Tony Blair has described his late mother as an “almost saintly woman” whose death changed his life forever. Blair’s mother Hazel Blair was raised in Co. Donegal and came from what he described as a ‘fiercely Protestant’ family.
Speaking about his Irish roots, Blair said that he loved going to Ireland every year and the family would usually stay at the Sandhouse Hotel in Rossnowlagh, near Ballyshannon.
He wrote, “At that beach I learned to swim in the freezing Atlantic Ocean. I had my first go at chasing girls, aged about 11. I was taught my first chords on the guitar. I drank my first Guinness.”
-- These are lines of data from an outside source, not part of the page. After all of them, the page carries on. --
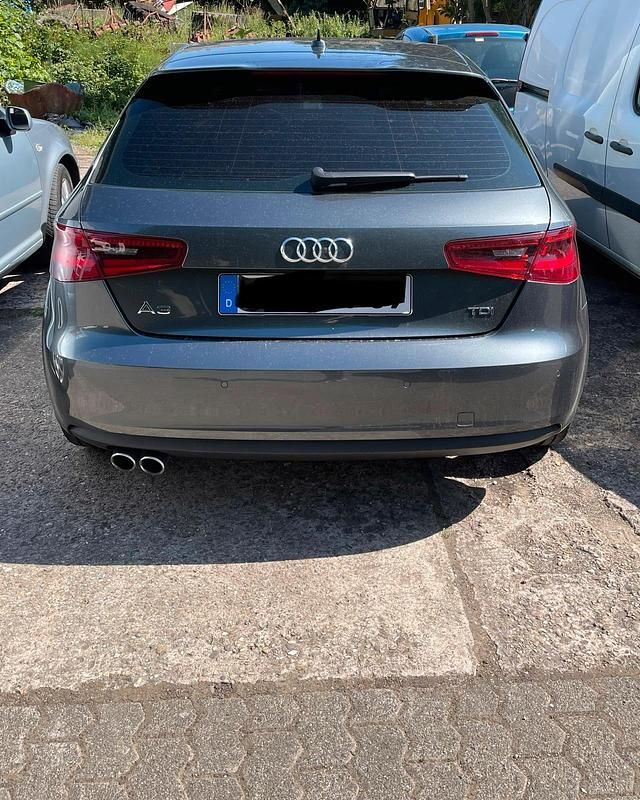 Gebraucht Audi A3 S-Line 150 PS (110 kW) 2013 Grau Coupé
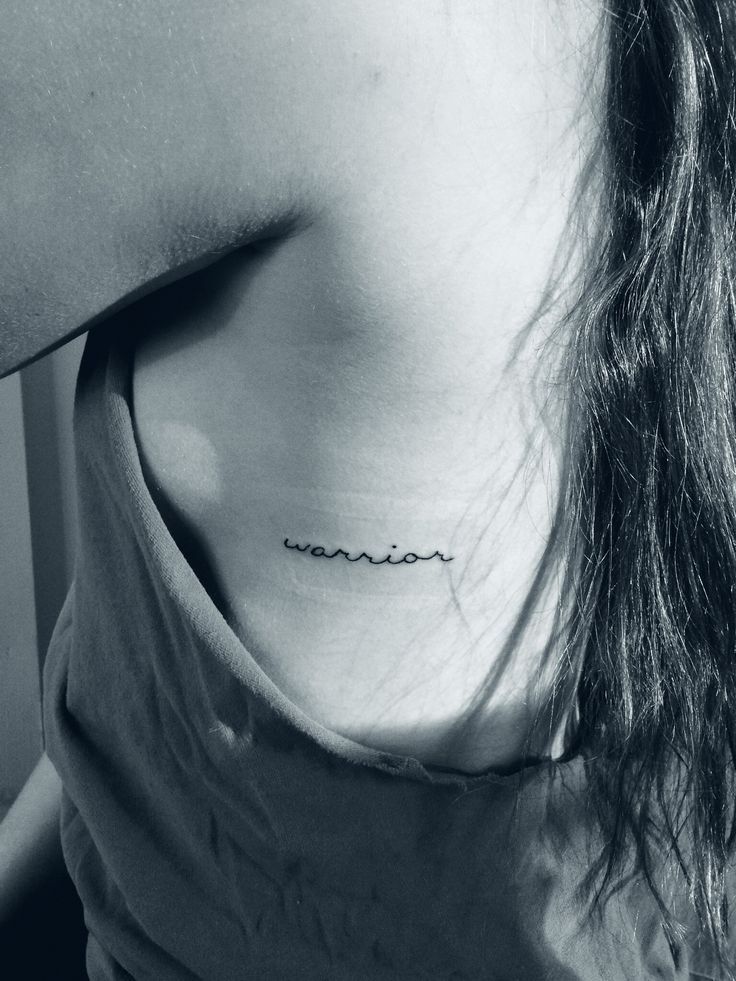 tattoo mẫu chữ trên sườn ngực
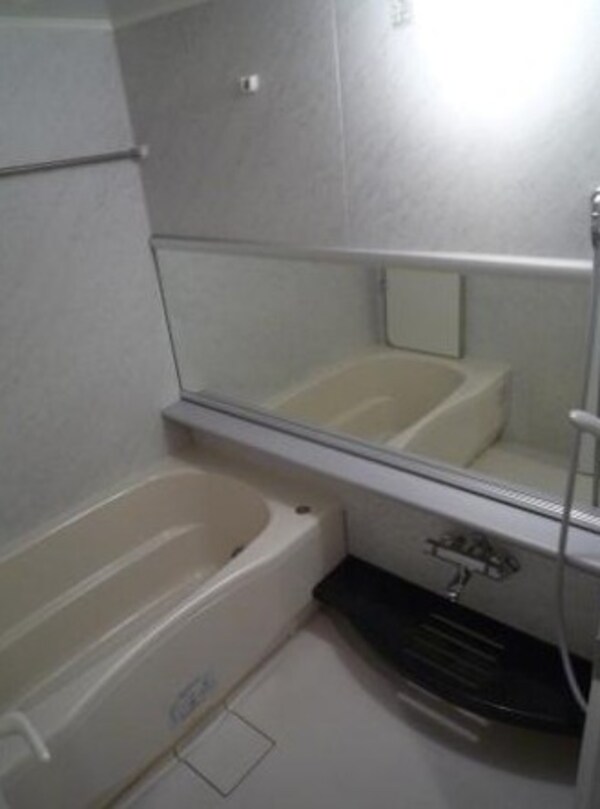 浴室(追い焚き機能、浴室乾燥機付きバス。)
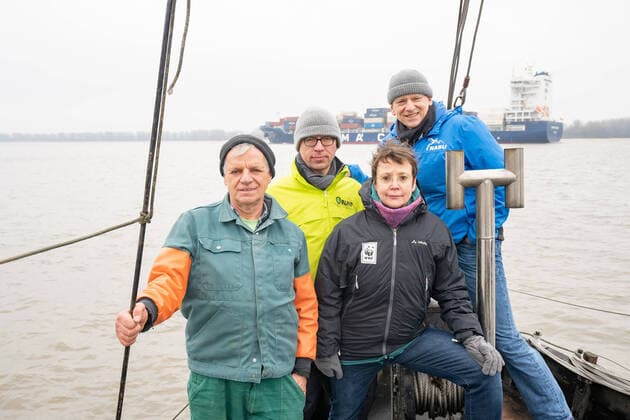 Abnahme der Stinte durch Drübung des Elbwassers - Elbfischer Lothar Buckow, BUND Hamburg, NABU Hamburg und WWF laden zur besonderen Stint-Fahrt auf der Elbe ein, um auf die aktuelle Entwicklung des seit mehreren Jahren einbrechenden Stint-Bestands in der Tideelbe hinzuweisen - - Lothar Buckow, Elbfischer, Manfred Braasch, BUND Hamburg, Beatrice Claus, WWF, Malte Siegert, NABU Hamburg (von links);Elbfischer Lothar Buckow, BUND Hamburg, NABU Hamburg und WWF laden zur besonderen Stint-Fahrt auf der Elbe ein, um auf die aktuelle Entwicklung des seit mehreren Jahren einbrechenden Stint-Bestands in der Tideelbe hinzuweisen -, Schleswig-Holstein Hamburg Deutschland Elbe vor Wedel *** The smelting of the Elbe water by practising the Elbe water Elbe fisherman Lothar Buckow, BUND Hamburg, NABU Hamburg and WWF invite to a special smelting
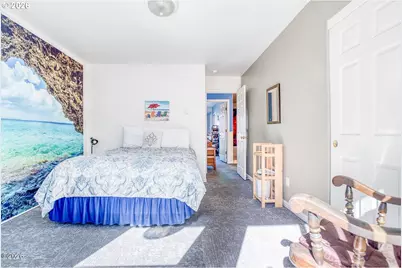 1284 NW 15th St, Lincoln City, OR 97367 - Photo 16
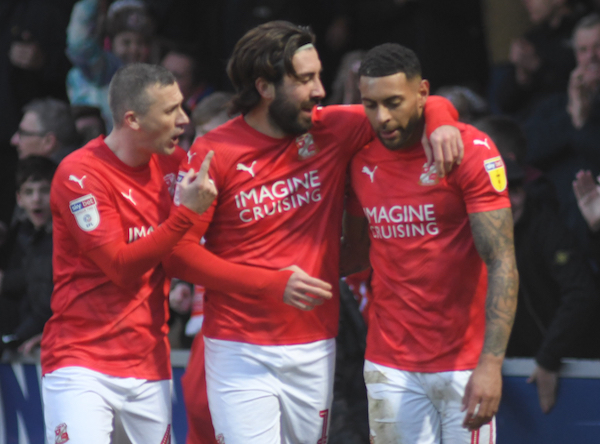 MATCH REPORT: Swindon Town 2-0 Oldham Athletic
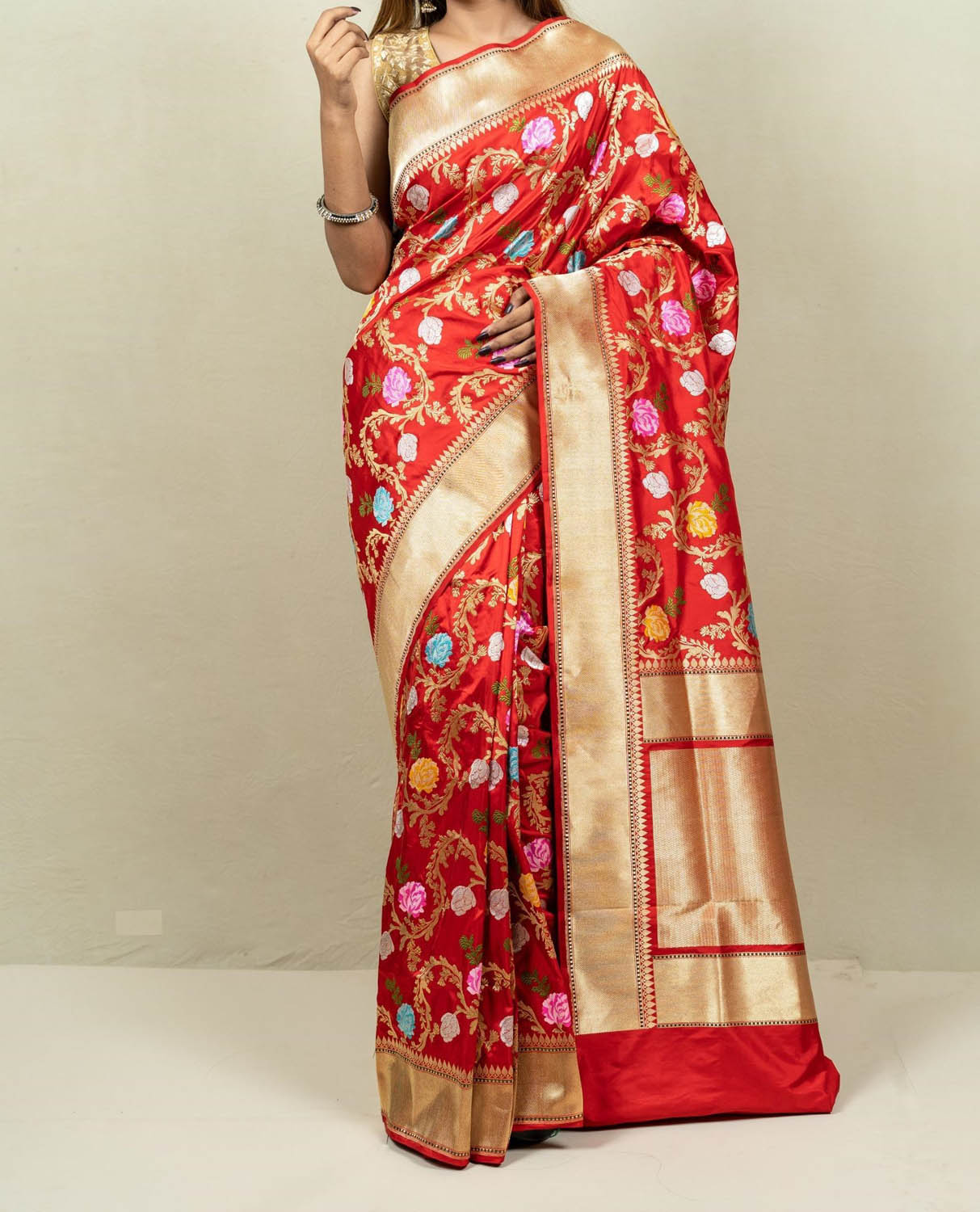 Elegant Red Banarasi Handloom Meenakari Pure Katan Silk Jangla Kadwa Weaved Saree - Luxurion World
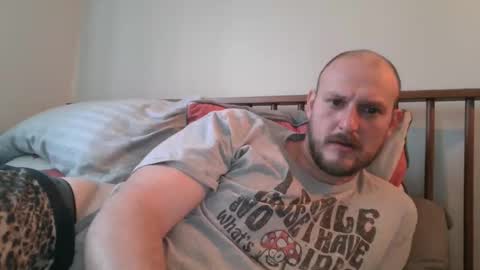 Snapshot of tigran6911 chatting on April 2026 03:01:01 PM tigran6911 online show from April 2026 03:01:01 PM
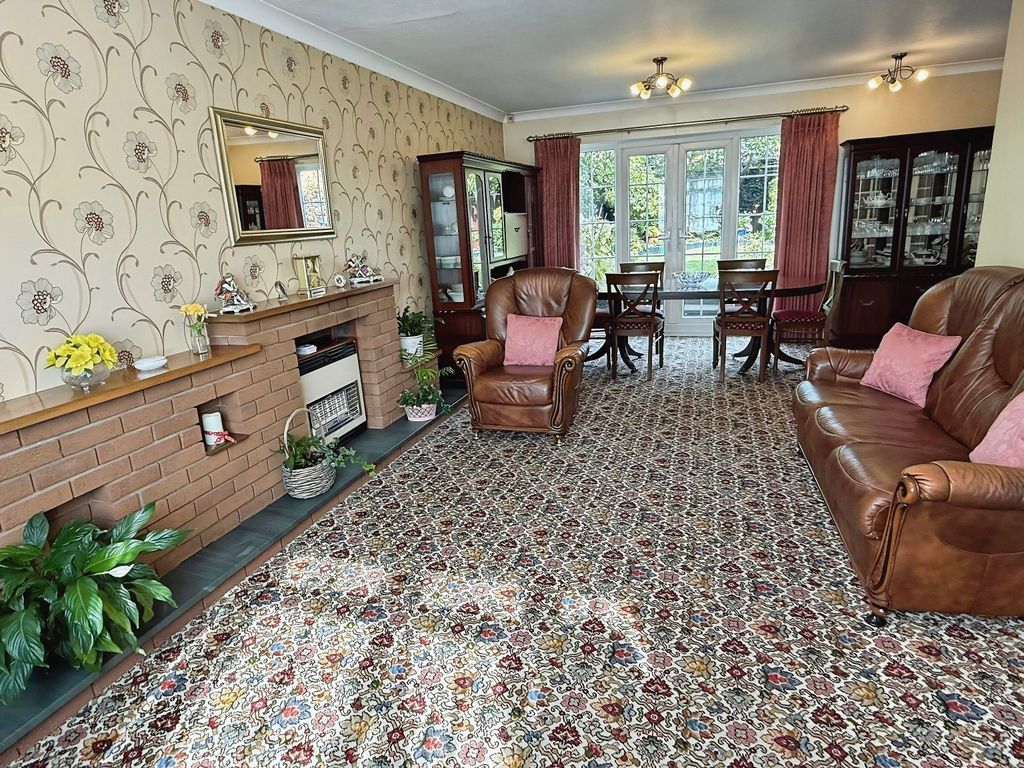 Property photo 2 of 34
Blair’s mother died from thyroid cancer when he was 22 and he explained the profound effect it had on his life.
“My world turned upside down, I could not imagine it,” he remembered. “Life was never the same after that. That was when the urgency took hold, the ambition hardened, the recognition grasped that life was finite and had to lived in that knowledge. I miss her every day of my life.”
His father and brother kept his mothers illness from him while he completed his final law exams in Oxford. Speaking about his victory in the 1997 general elections, he said his mother would have been “utterly proud."
He also spoke about how when he was growing up, Irish people were looked down as “inherently inferior” to the British.